The Role of Piezoelectric Stages in Optical Delay Line Devices

An optical delay line is a device that introduces a temporal delay to light, typically achieved by altering the optical path length to control the propagation time of light. A critical parameter in constructing a delay line is the scanning step size and the accuracy of each delay step. For optical delay lines built around a translation stage, the precision depends on the step size and stepping accuracy of the stage. Therefore, high-precision piezoelectric translation stages are the optimal choice. The implementation is illustrated as follows: the incident light is reflected twice by a roof prism mounted on the piezoelectric stage, returning along the original direction. The piezoelectric stage can move horizontally, introducing an optical path difference that is twice the displacement distance. The corresponding time delay is the optical path difference divided by the speed of light. This enables high-precision measurements by utilizing the time delay between pulses.

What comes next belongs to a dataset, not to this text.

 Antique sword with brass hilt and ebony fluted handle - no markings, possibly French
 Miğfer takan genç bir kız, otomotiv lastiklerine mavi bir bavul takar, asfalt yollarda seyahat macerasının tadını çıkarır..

In ultrafast science, delay lines are commonly used for autocorrelation pulse width measurement, pump-probe experiments, time-domain spectroscopy, and other applications. Since femtosecond timescales far exceed the response limits of oscilloscopes and photodetectors (PD probes), direct measurement of pulse width using such instruments is impossible. Instead, autocorrelation measurement is typically employed. The principle involves splitting a pulse into two pulses of equal intensity, passing one through the delay line, and then recombining the two beams through a frequency-doubling crystal (e.g., BBO). The PD probe measures the resulting signal, which is proportional to the light intensity . By varying the time delay of the delay line (controlling the stage movement), a series of intensity-position data is obtained. Using the relation ∆t = 2∆x/c, the position data is converted into time, yielding an autocorrelation trace from which the pulse width can be determined.

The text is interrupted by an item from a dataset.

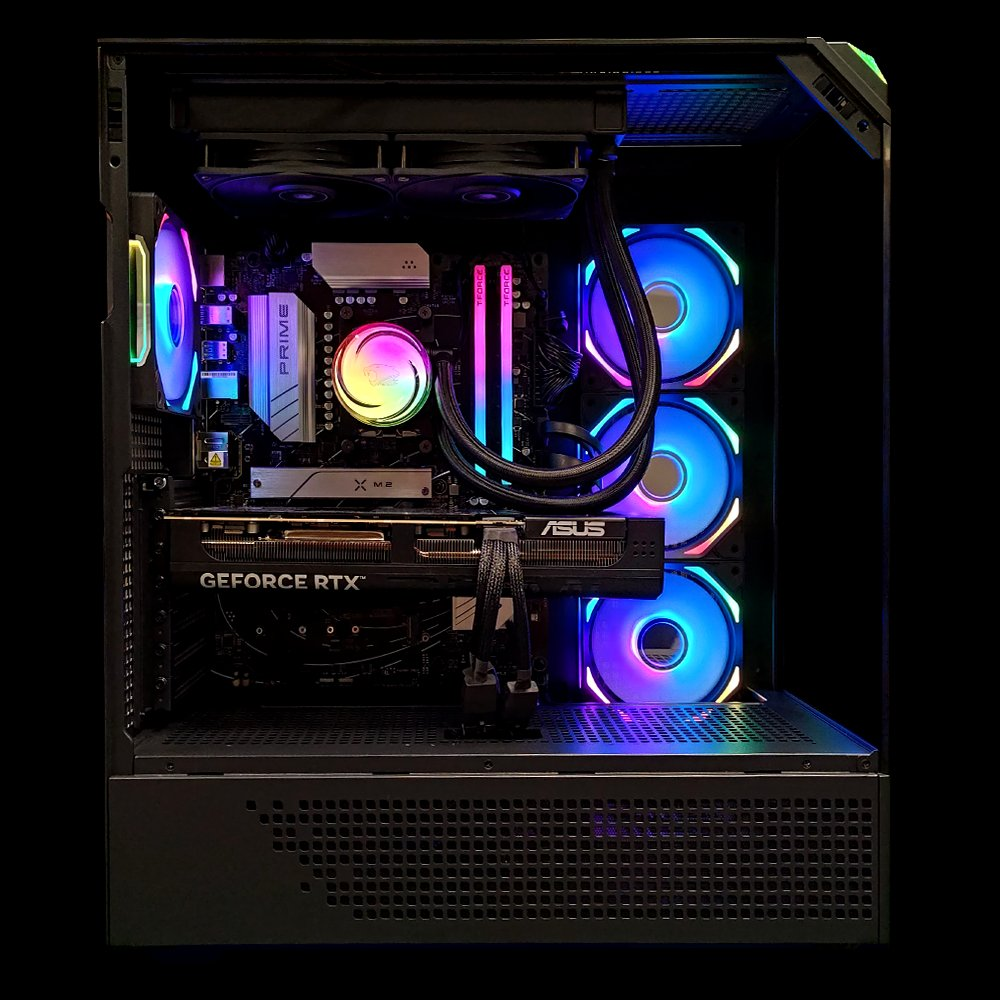 Interior de una caja de PC con componentes iluminados con RGB. Tarjeta gráfica, RAM, refrigerador de CPU y ventiladores visibles, con luces.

Application of Delay Lines in Pump-Probe Experiments

The figure below shows a pump-probe optical setup based on a Mach-Zehnder interferometer design, using annular mirrors to split and recombine wavefronts. The central portion of the input beam is reflected by a pair of right-angle mirrors mounted on a piezoelectric translation stage, serving as the delay line. The step size and accuracy of the delay depend on the performance of the piezoelectric stage. After recombination, the outer annular portion of the beam is focused into a gas jet to generate high-order harmonics. The central portion is used for probing. With this design, by adjusting the phase difference between the attosecond pulse train and the infrared fundamental laser field, sideband modulation can be observed, enabling the reconstruction of the original attosecond pulse information.